Q: What are you interested in that most people find boring?
I’m highly organized! I love keeping spreadsheets and lists. I think many people would find that boring if they’re not into productivity like I am.
Q: What, other than writing, do you get excited to wake up and do?
Kickboxing! I started going to a gym earlier this year, and I love it. As a writer, I’m always sitting, so it’s a great way to get out of the house and get moving. It’s improved the way I write about fight scenes as well because it’s helped me better understand the mechanics of kicking and punching.
Q: Who is a person who has inspired you and why?
My Dad is 73, and he’s an ass kicker physically and mentally. He’s been a role model for how I want to age gracefully. He and my stepmom are super active and constantly curious people. I’ve had family members with problems like dementia, Alzheimer’s and I think a lot about brain health. How you eat and making sure you’re keeping your brain healthy and active are so important.
Q: If you could wave a magic wand and change your life or the world, what would you wish for?
Unlimited wishes! Ha:-) I’m pretty damn grateful to be alive and living in these times. I’d love to have smashing success as an author and get my books out to millions of people. But I realize it’s a long haul, and I’m lucky to be able to write and use the Internet to connect with readers. We live in truly amazing times.
I wish the world would be more peaceful. I wish there were better education access for all children–boys and girls globally.
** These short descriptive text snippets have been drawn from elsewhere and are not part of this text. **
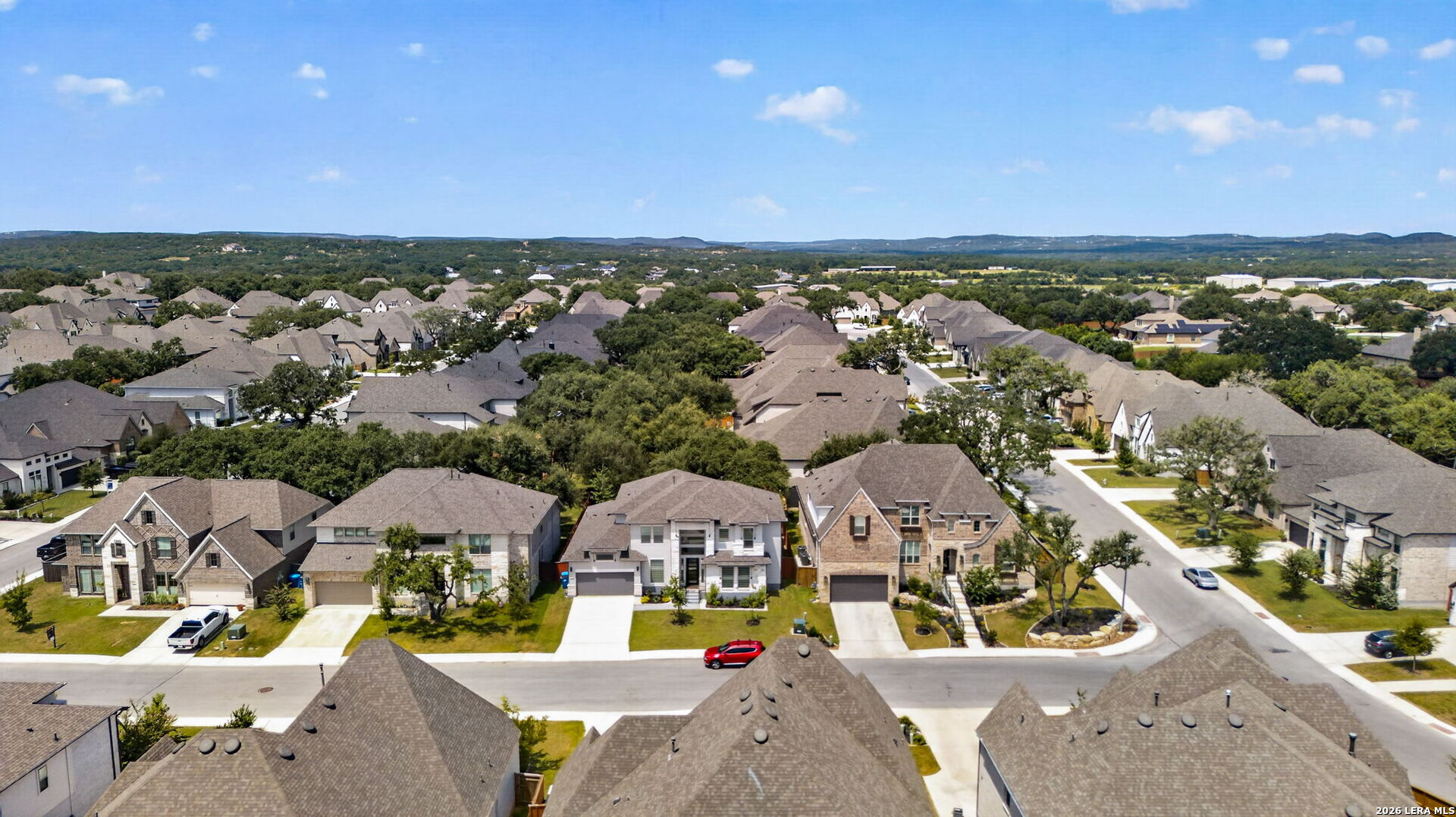 28711 Inverness Pass Boerne TX 78006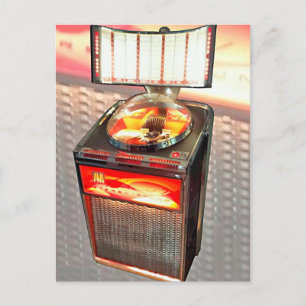 AMI_Continental2.jpg Postkarte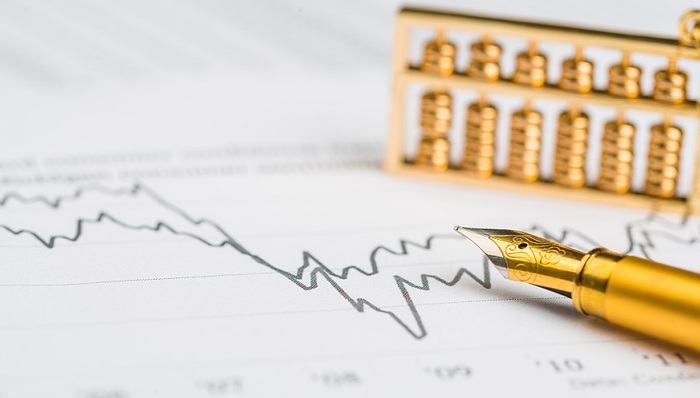 理财子公司如何“另起炉灶”？风险隔离关键在于打破刚兑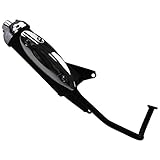 roller teile kaufen berlin KARCHER Flower 25 / 45, KM 50-10 : : KEEWAY Hurricane 50 : : KINROAD XT50QT : : KREIDLER Agility 50, Capriolo, Flory 50 / Classic / Classic 50, Jigger 50 City, Off Limit, RS ( 425 / 450 / 500 ) : : KYMCO Agility 50 Basic / MMC / R12, Filly 50, People 50 / S 50, Scout 50, Vitality 50 Euro 2 : : LEIKE LK50QT ( 14B / 15C / 15E / 17A / 17B / -19 / 7A / 7B ) : : LONGBO LB50QT 10 / 15 : : LONGJIA LJ50QT E : : LUXXON Classici 25 / 45, Flower 25 / 45 : : SARO Bella, Cruiser : : SB Handelshof RS 500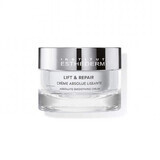 Crema levigante assoluta Lift & Repair, 50 ml, Esthederm Institute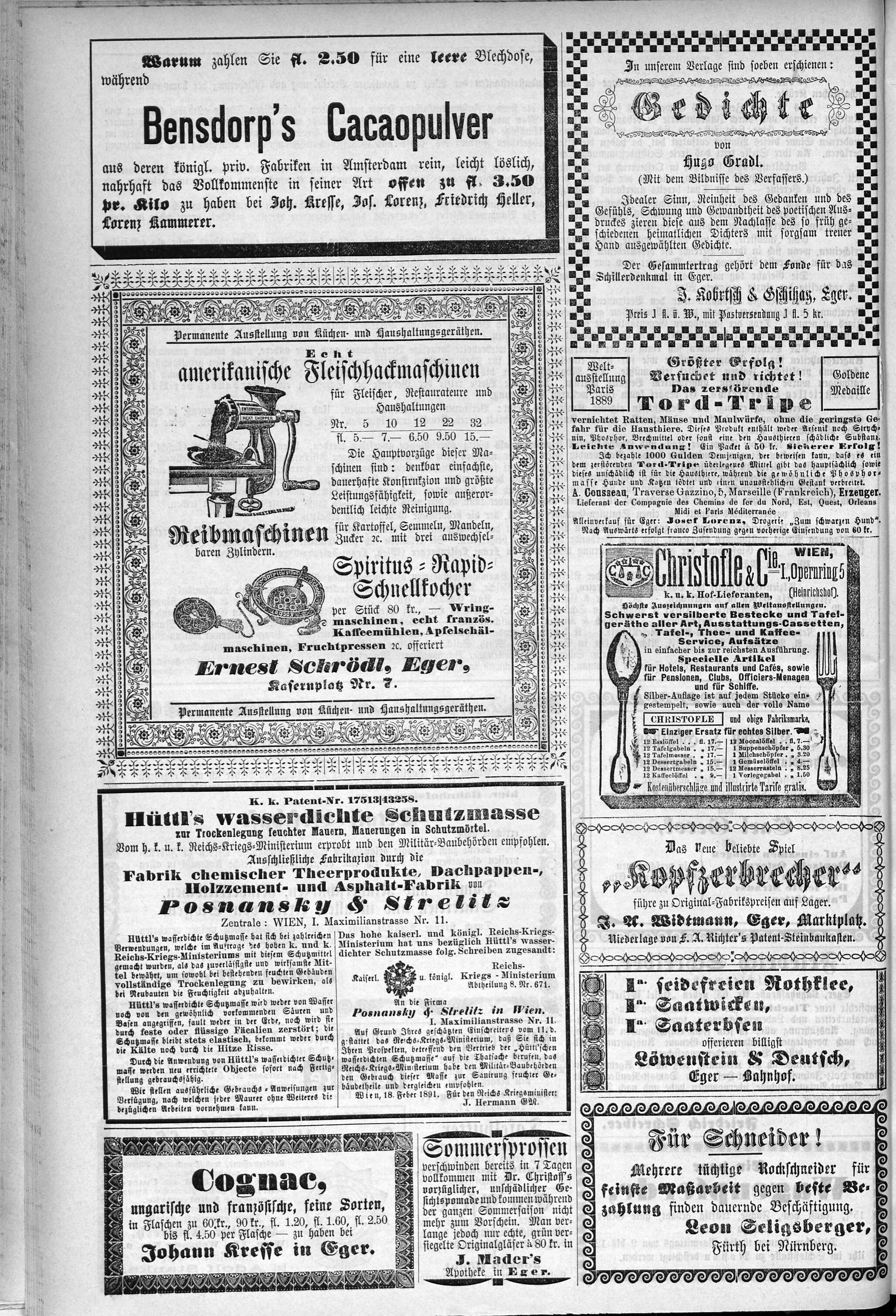 6. egerer-zeitung-1891-04-11-n29_0790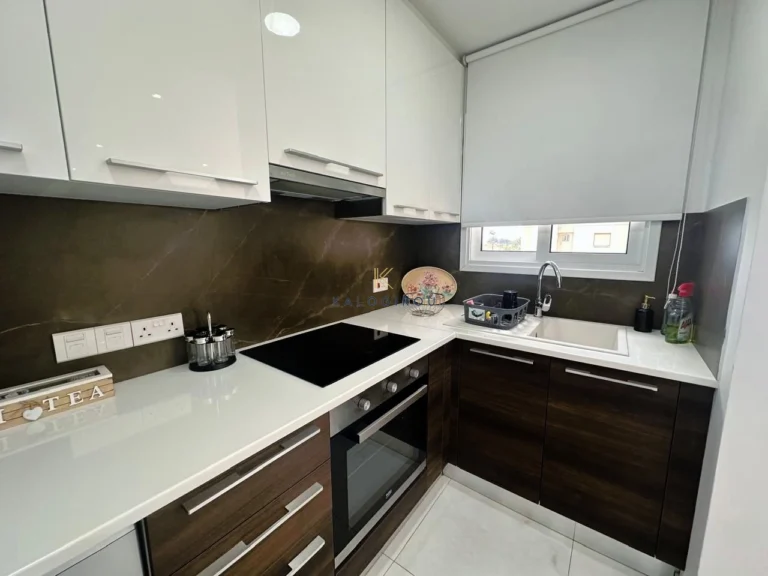 Cheap Apartments for Rent Larnaca up to 1000 euro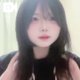 ひいろのお願い聞いてくれる？🥺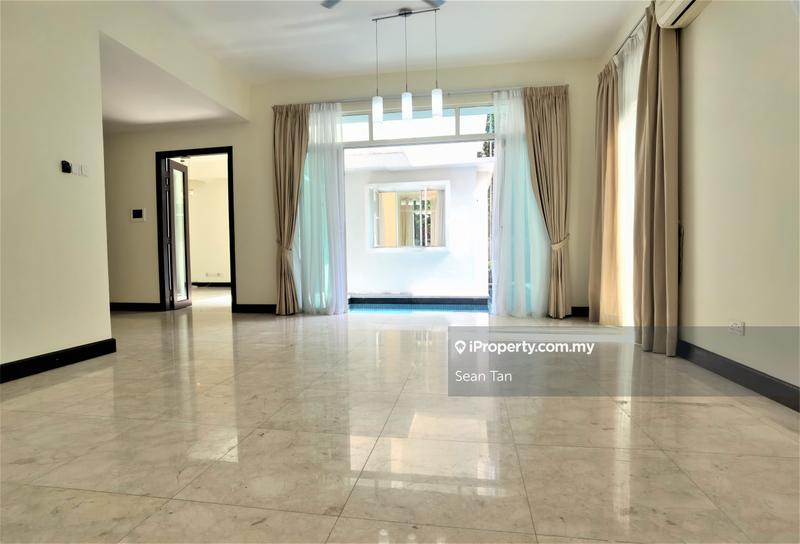 Condominium for Rent in Flora Murni by Sean Tan - iProperty.com.my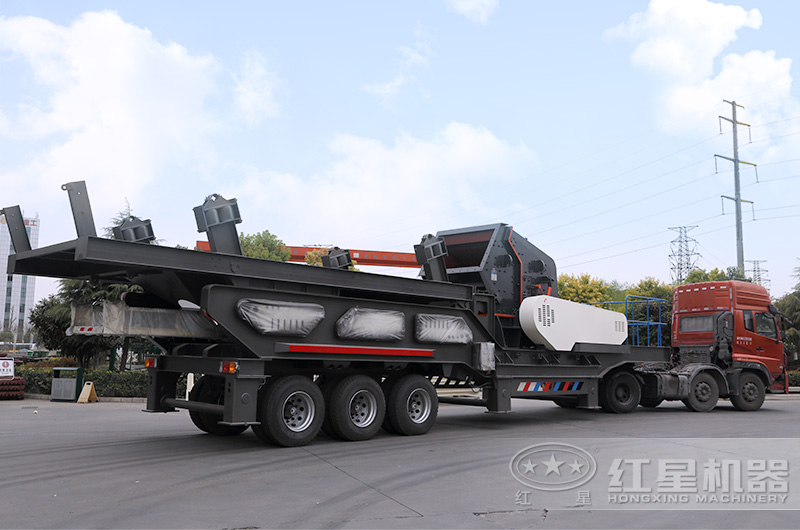 紅星機器廠家具有創(chuàng)新精神和創(chuàng)造能力 紅星機器廠家具有創(chuàng)新精神和創(chuàng)造能力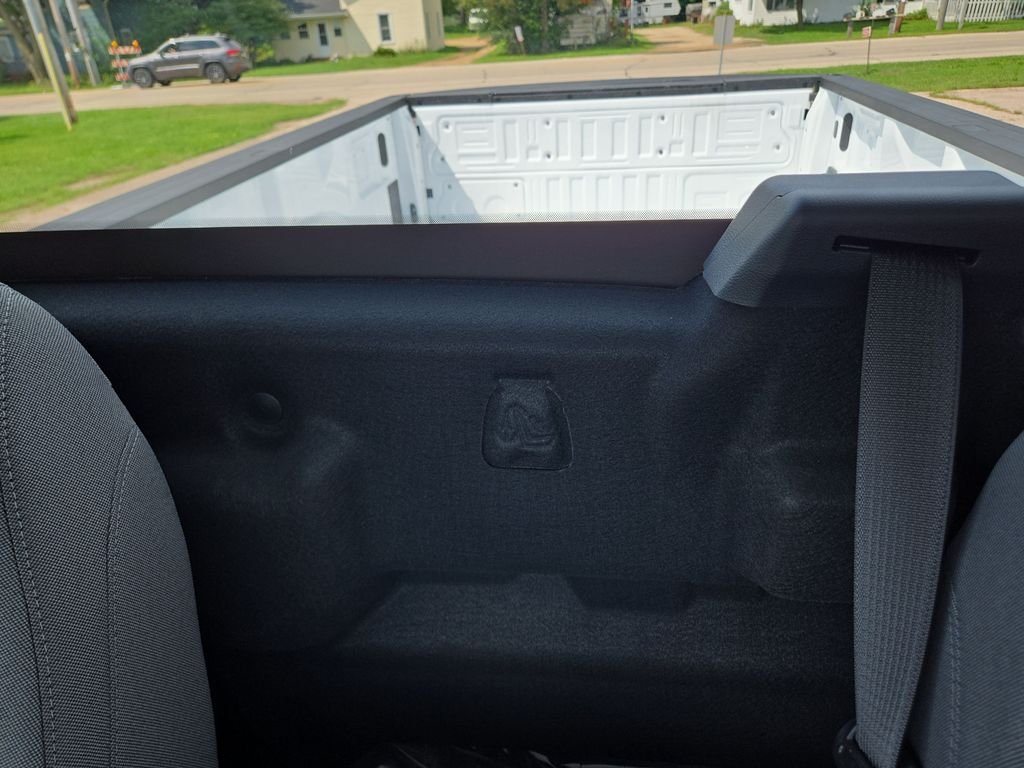 2026 Ford F-250 Super Duty XL - Photo 19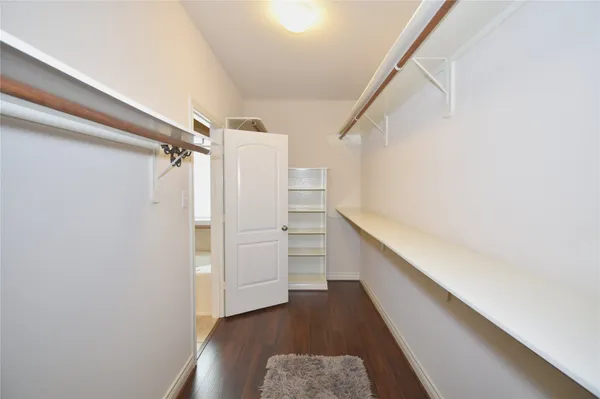 $2,575 | 14319 Hancock Elm Street, Cypress, TX 77429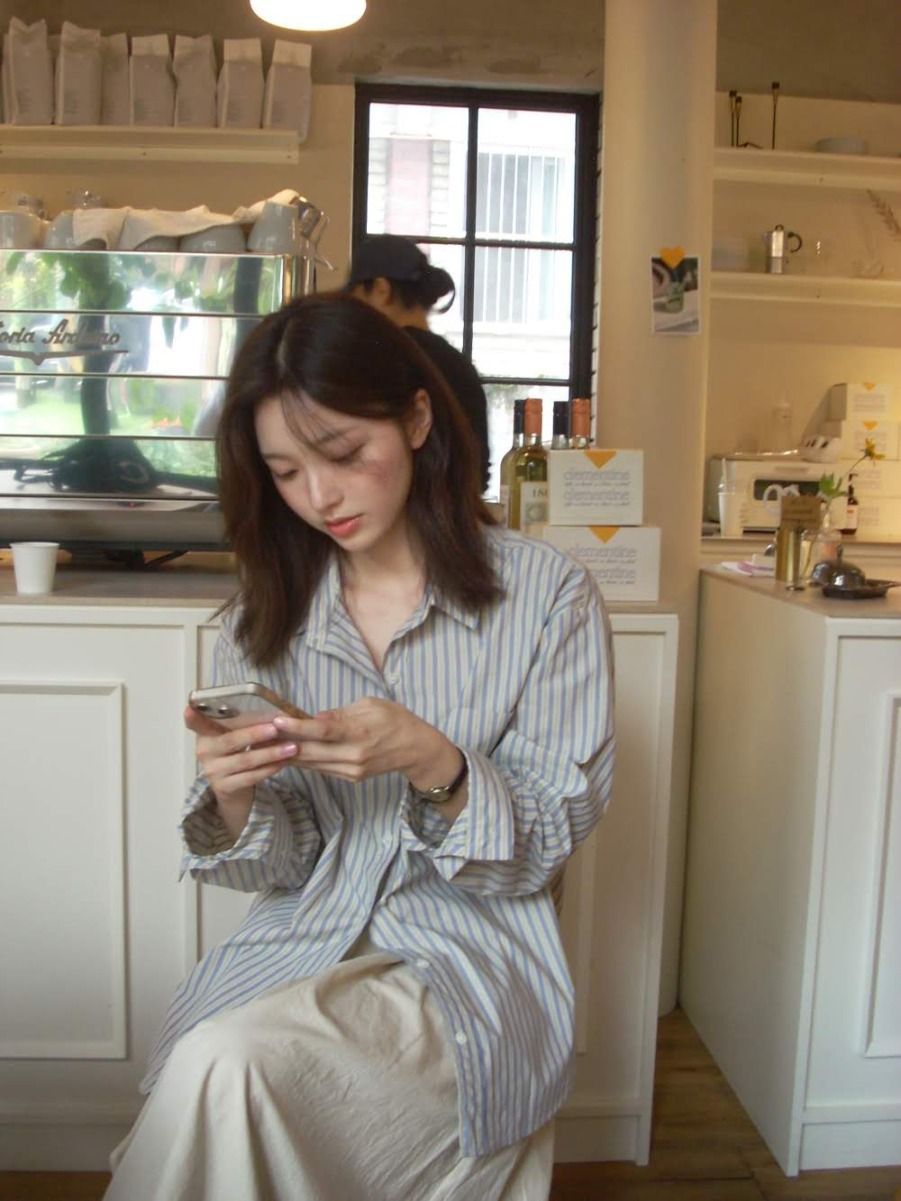 Người EQ thấp thường xuyên làm 3 việc này khi nhắn tin Zalo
We can’t forget the lessons learned from our history, or we’re doomed to repeat the mistakes of the past.
Q: What is something on your bucket list that you have yet to do?
I’ve traveled a lot but I’ve never spent time in Paris, and it’s a city I’ve always dreamed about visiting. I’ll get there one of these days.
Q: What quality or trait do you wish you had more of and why?
I wish I were a more extroverted person. Like many writers, I’m an introvert who is uncomfortable being in the spotlight in front of large groups. I wish speaking in front of groups came more naturally to me. I have to work really hard at it.
2 Replies to “Author Interview: Cameron Coral”
What is the reading age for your “altered” series books? My son is 14 and has read the Divergent and Hunger Games series. He has also read several other series, but I cannot find anything on your age range. Can you help?
Thanks for your question. Altered and the other books in my series are PG-13. There is some cursing (however no F-bombs). The action, violence, tone, and intensity are similar to Hunger Games which is a favorite series of mine. There are no romantic situations.
I hope this helps!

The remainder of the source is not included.